The following files or folders will be created and upgraded by codes:

  • iter.00000x contains the main results that DP-GEN generates in the first iteration.

  • record.dpgen records the current stage of the run process.

  • dpgen.log includes time and iteration information.

When the first iteration is completed, the folder structure of iter.000000 is like this:

$ ls iter.000000
00.train 01.model_devi 02.fp

In folder iter.000000/ 00.train:

  • Folder 00x contains the input and output files of the DeePMD-kit, in which a model is trained.

  • graph.00x.pb is the model DeePMD-kit generates. The only difference between these models is the random seed for neural network initialization.

In folder iter.000000/ 01.model_devi:

  • Folder confs contains the initial configurations for LAMMPS MD converted from POSCAR you set in “sys_configs” of param.json.

  • Folder task.000.00000x contains the input and output files of the LAMMPS. In folder task.000.00000x, file model_devi.out records the model deviation of concerned labels, energy and force in MD. It serves as the criterion for selecting which structures and doing first-principle calculations.

In folder iter.000000/ 02.fp:

  • candidate.shuffle.000.out records which structures will be selected from last step 01.model_devi. There are always far more candidates than the maximum you expect to calculate at one time. In this condition, DP-GEN will randomly choose up to "fp_task_max" structures and form the folder task.*.

  • rest_accurate.shuffle.000.out records the other structures where our model is accurate (“max_devi_f” is less than "model_devi_f_trust_lo", no need to calculate any more),

  • rest_failed.shuffled.000.out records the other structures where our model is too inaccurate (larger than "model_devi_f_trust_hi", there may be some error).

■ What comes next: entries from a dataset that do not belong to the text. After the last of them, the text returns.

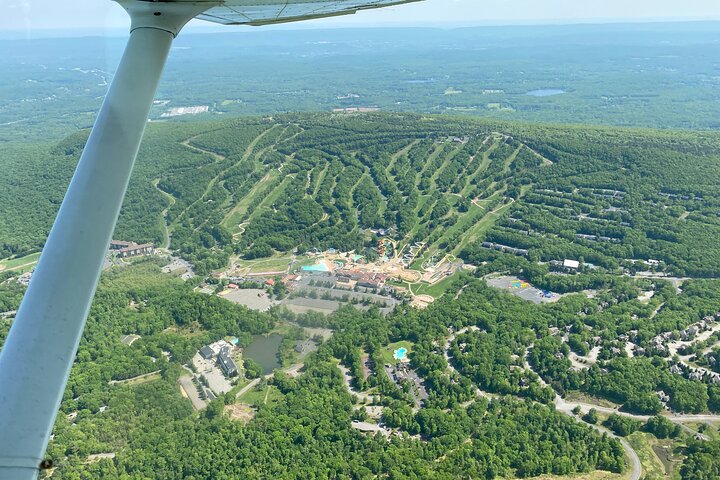 Delaware Water Gap Air Tour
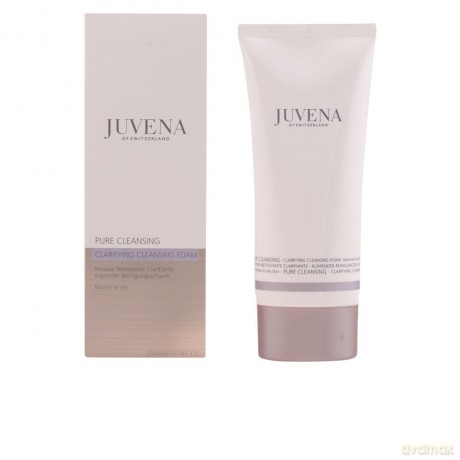 Juvena PURE Clarifying Cleansing Foam 200 ml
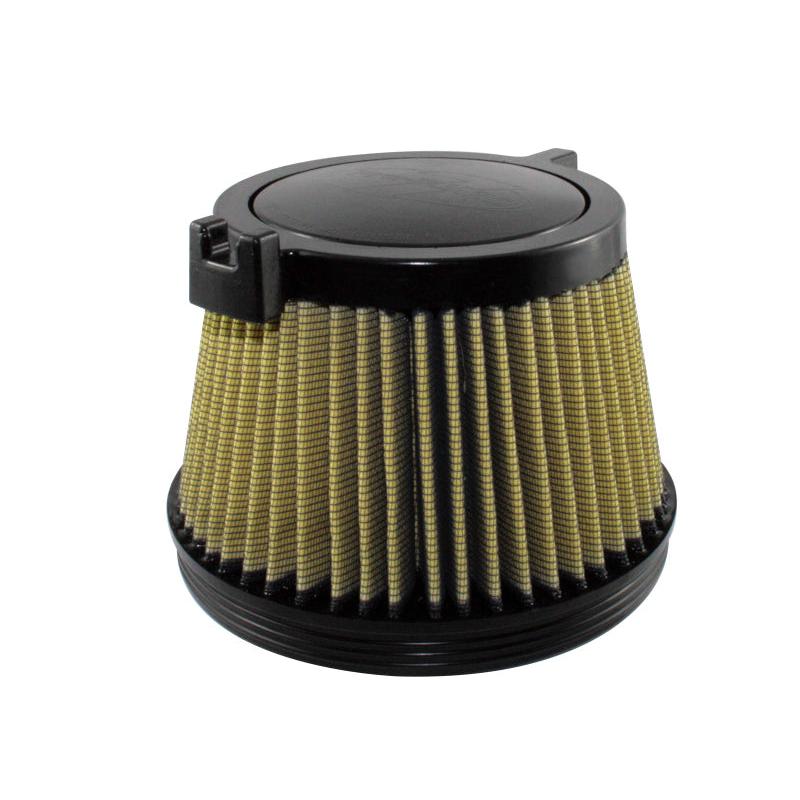 aFe MagnumFLOW Air Filters OER PG7 A/F PG7 GM Diesel Trucks 06-09 V8-6.6L (td)-SR1 Performance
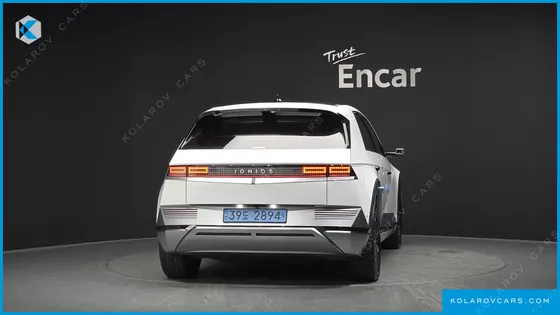HYUNDAI IONIQ 5 LONG RANGE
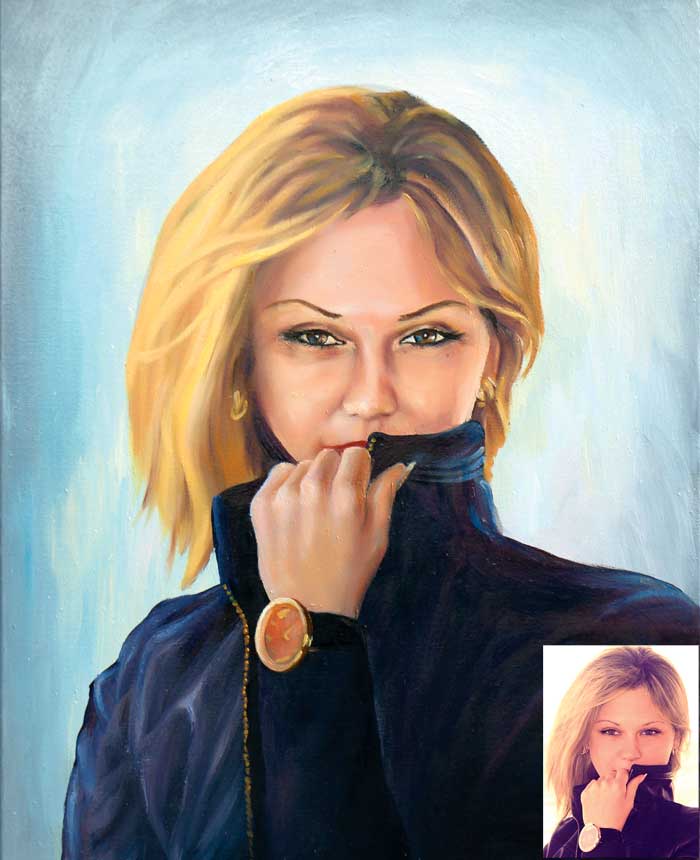 Живопись от руки. Рисунки, иллюстрации, графика.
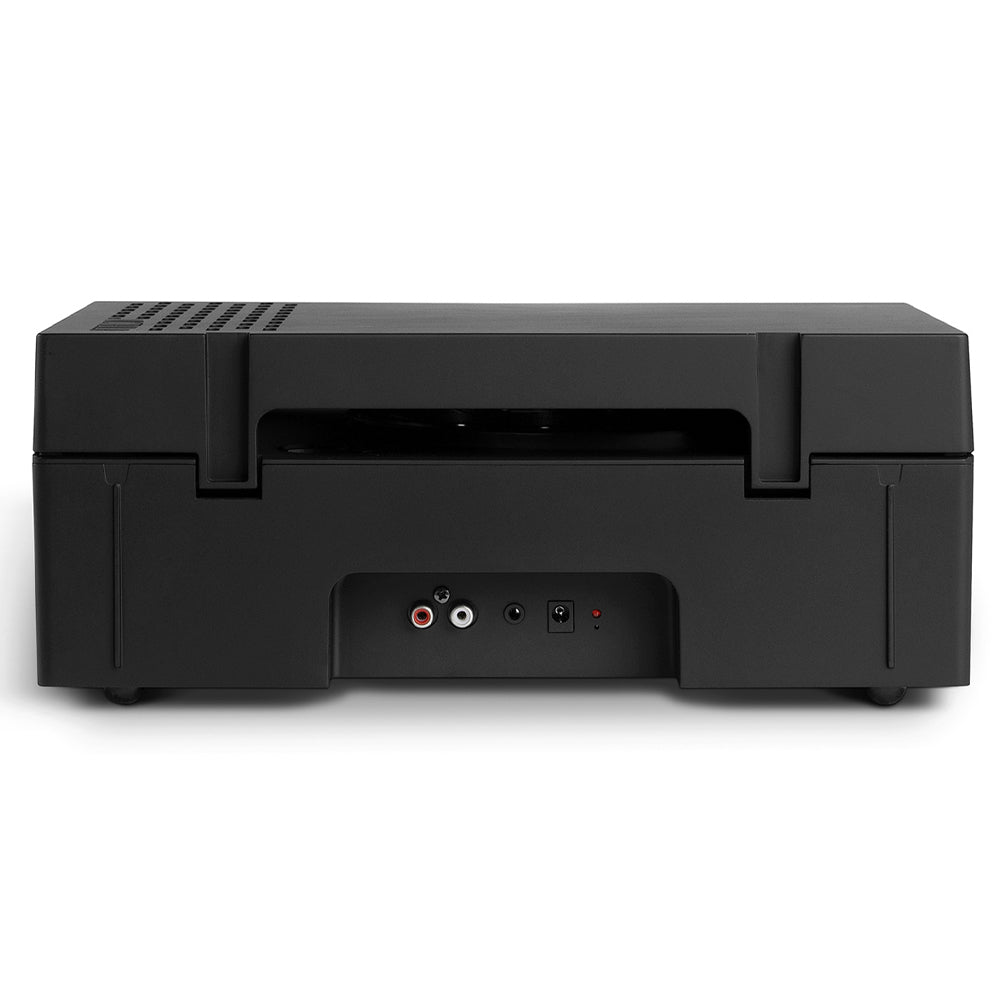 Victrola Revolution Go Rechargeable Turntable Portable Wireless - Black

  • data.000: After first-principle calculations, DP-GEN will collect these data and change them into the format DeePMD-kit needs. In the next iteration’s 00.train, these data will be trained together as well as the initial data.

DP-GEN identifies the stage of the run process by a record file, record.dpgen, which will be created and upgraded by codes. Each line contains two numbers: the first is the index of iteration, and the second, ranging from 0 to 9, records which stage in each iteration is currently running.

Index of iterations

Stage in eachiteration

Process

0

0

make_train

0

1

run_train

0

2

post_train

0

3

make_model_devi

0

4

run_model_devi

0

5

post_model_devi

0

6

make_fp

0

7

run_fp

0

8

post_fp

0,1,2 correspond to make_train, run_train, post_train. DP-GEN will write scripts in make_train, run the task by specific machine in run_train and collect result in post_train. The records for model_devi and fp stage follow similar rules.

If the process of DP-GEN stops for some reasons, DP-GEN will automatically recover the main process by record.dpgen. You may also change it manually for your purpose, such as removing the last iterations and recovering from one checkpoint.